Inside Nowak’s vehicle, which was parked at a nearby motel, authorities uncovered a pepper spray package, an unused BB-gun cartridge, latex gloves and e-mails between Shipman and Oefelein. They also found a letter “that indicated how much Mrs. Nowak loved Mr. Oefelein,” an opened package for a buck knife, Shipman’s home address and hand written directions to the address, the arrest affidavit said.
This list may seem very strange and mostly innocuous to a normal earth-loving American, but in the hands of an astronaut it can only mean trouble. As you can see from this video taken from Apollo 13, NASA specializes in making strange devices out of random objects:
If they can build a CO2 convertor from those bizarre objects, what can they do with a BB-gun, some gloves, knives, wigs, rubber tubing, $600 and E-mails? Perhaps we’ll never know, but thank god she was caught in time.
The bottom line is astronauts should not be allowed to roam the streets. At the very least there should be a three day waiting period on any purchases of seemingly random objects, especially if any sort of tubing is involved. Steps should also be taken to educate our children about the dangers of the “astronaut lifestyle” and to educate voters about the death grip NASA has on American politics. Our only weapon is knowledge. Spread the word.
Rachael Brown
You know what I hate most about astronauts? Their haircuts are always invariably dated.
Zach Cullen
Wow. What a surprise, Mark doesn’t like astronauts. How do you suppose we deal with ‘em Mark, build a giant detainment camp up in space to round them all up in? Astronauts and their supporting organizations have selflessly contributed more to the betterment of mankind than any other group of people in the world. There is NO conspiracy to impregnate the American population with mind controlling alien brain spiders. You need to drop all this Astronaut hate.
Lynn Szymoniak
It was the part about “wearing diapers” that seemed to grab the attention of every reporter. We need more research. How many former astronauts wear diapers to avoid rest stops?
Rachael Brown
Why not wear diapers to avoid rest stops? The elderly do it all the time!
Bryan Klausmeyer
I don’t mind the idea of wearing a diaper to urinate. What I do mind is the needless waste of such a valuable by product. NASA has already developed a technology to convert urine into drinking water for space missions, which is in fact being used in Iraq.

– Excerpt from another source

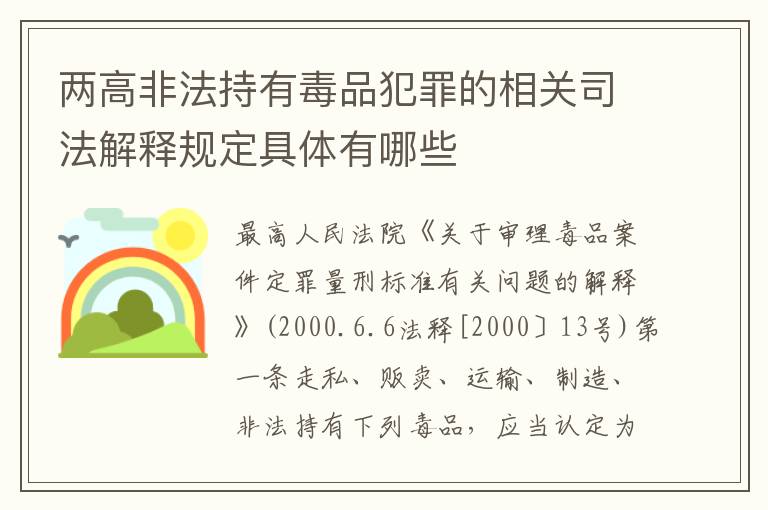 两高非法持有毒品犯罪的相关司法解释规定具体有哪些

http://www.voanews.com/english/archive/2006-07/2006-07-26-voa49.cfm?CFID=92768084&CFTOKEN=14925940
If they could somehow incorporate a catheter filtration system into the space diapers, I’d be all for that.
Rachael Brown
Would that whole catheter thing really be necessary considering the fact that reentry tends to only take like 20 hours?

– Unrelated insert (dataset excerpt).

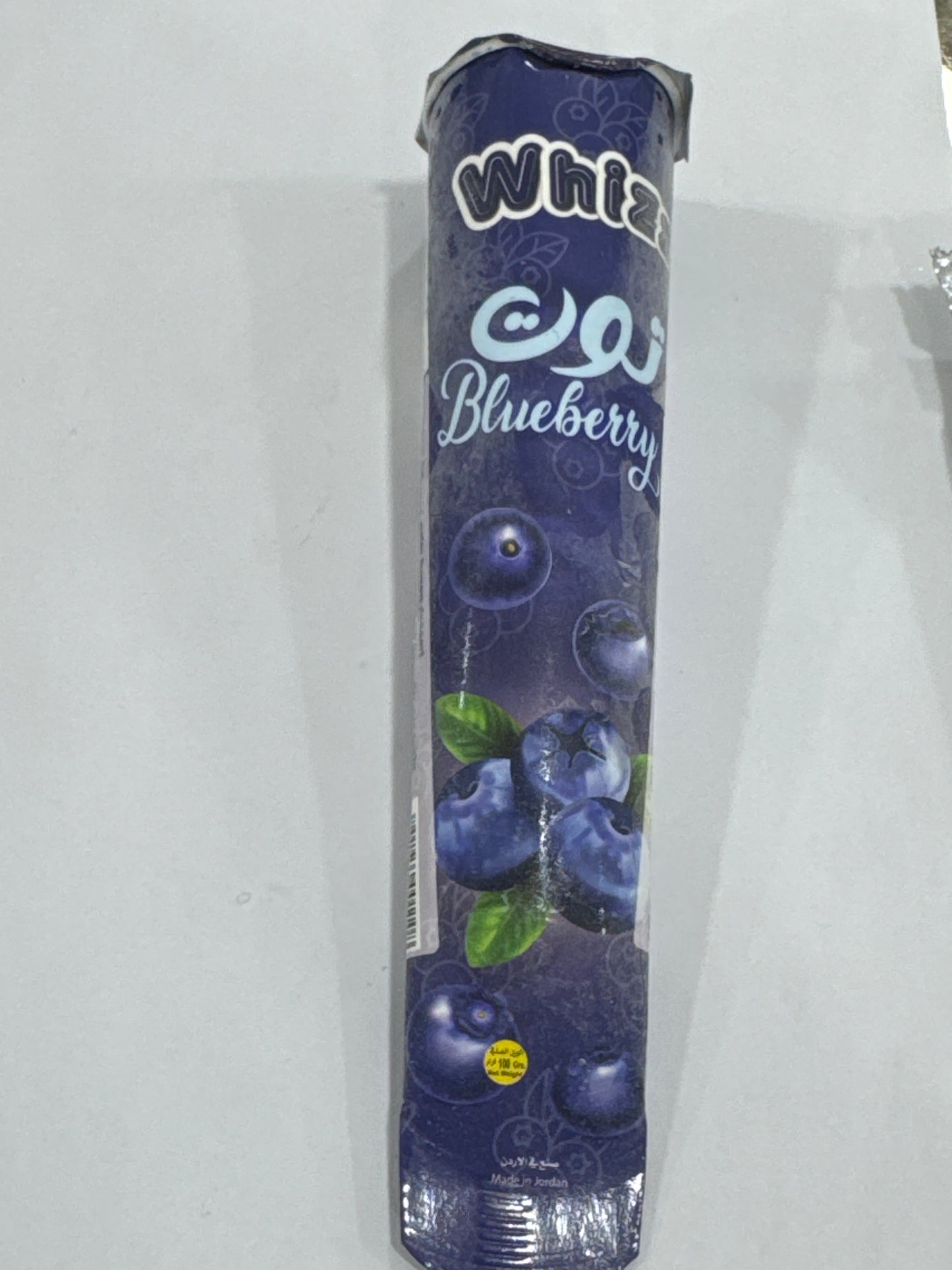 ايسكريم (Copy 24)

But then again, waste not want not.
molly cullen
Your grandmother is terribly obsessed with this woman.
I fear for our mother’s brains if the old woman starts chatting about diapers and crazy astronauts again.

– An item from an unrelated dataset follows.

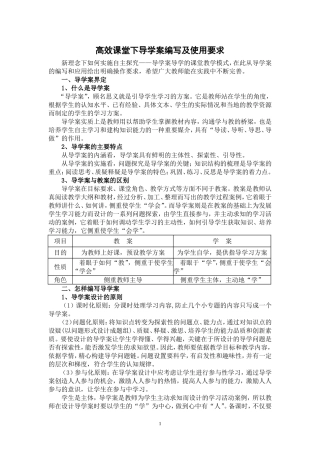 高效课堂下导学案编写及使用要求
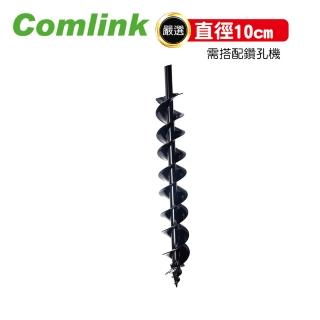 【BLDC 東林】土壤鑽頭直徑10CM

I suppose hate of astronauts is hereditary of some sort.
Alayna Frankenberry
Am I alone in my admiration for this woman? You have to admire someone who has enough pure rage that they’ll sit in their own shit for hours rather than halt that rage for 3 minutes. I can only aspire to a rage that encompassing. Sigh.
Rachael Brown
Oh, come on Alayna… How can you defend her? You saw her hair.
Bryan Klausmeyer
That’s what Alayna’s hair is going to look like after all of the dying.
s0fa
yeah astronaut hair always seemed a little behind in the times. anyways, this lady freaks me out.
s0fa
oh btw, there is nothing wrong with dehydrated ice cream.